Pemerintah tertarik menggunakan serangan DDOS sejak melacak pembuat dan pemodal mereka terbukti sulit bagi para peneliti keamanan. Arbor Networks tidak dapat secara konklusif menghubungkan serangan Estonia ke Rusia sementara Estonia mempertanyakan temuan Arbor, kata Nazario.

"Kami dapat memberi tahu Anda aspek teknis tertentu, tetapi kami tidak dapat memberi tahu Anda siapa yang membayar mereka," katanya. "Tidak ada pistol perokok siapa yang meluncurkan serangan."

Kecepatan dan kerumitan DDOS meningkat, kata Nazario, sementara kelompok oposisi lebih lanjut menggunakan Internet untuk berkoordinasi. Kelompok yang menggunakan Web untuk berkomunikasi membuatnya menjadi target alami, katanya.

Hasil dari perang cyber ini akan mengubah Internet menjadi medan perang ketika pemerintah dan warga meluncurkan serangan ini, kata Nazario.

"Militerisasi Internet adalah terjadi, "katanya. "Ada banyak pemain non-negara sehingga pemerintah dapat mengatakan itu bukan kami. Ini adalah arena bermain. Anak-anak di Kiev dan juga pemerintah memiliki ini."

Menurut Nazario, beberapa pemerintah lebih terbuka tentang keterlibatan mereka. di cyberwarfare atau niat untuk memasuki ruang. Cina telah diduga membahas rencana cyberwarenya dan seorang eksekutif pemerintah Rusia diduga mengakui menggunakan kampanye propaganda selama konflik dengan Georgia. Kampanye-kampanye ini terdiri dari situs Web yang mengarahkan orang-orang Rusia untuk menggunakan taktik-taktik perang cyber melawan situs-situs pro-Georgia. Satu situs yang didirikan oleh para pendukung Moskow mirip dengan situs berita yang tampak profesional dan segera naik setelah pasukan Georgia menembaki tentara Rusia, katanya.

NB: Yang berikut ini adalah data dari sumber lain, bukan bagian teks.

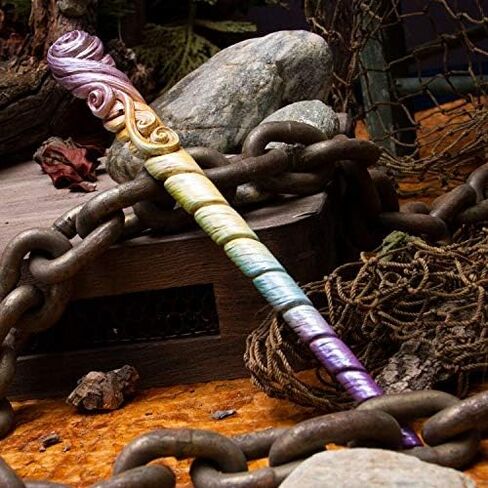 Pacific Giftware Magic Mystical Witches and Wizards Resin Wand Cosplay Costume Halloween 9.5 inches in Saudi Arabia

Perancis dilaporkan melihat ke cyberwarfare sementara AS telah berulang kali membahas konsep botnet militer, kata Nazario.

Sementara pemerintah mengembangkan strategi cyberwarfare, mereka juga berusaha mengembangkan pertahanan terhadap serangan tersebut.

Estonia membawa masalah ini ke NATO, tetapi laju perkembangan kebijakan organisasi yang lambat menyebabkan tidak ada kesepakatan yang dicapai. Masalah ini juga menghambat upaya di Uni Eropa untuk mengembangkan strategi keamanan online yang kuat.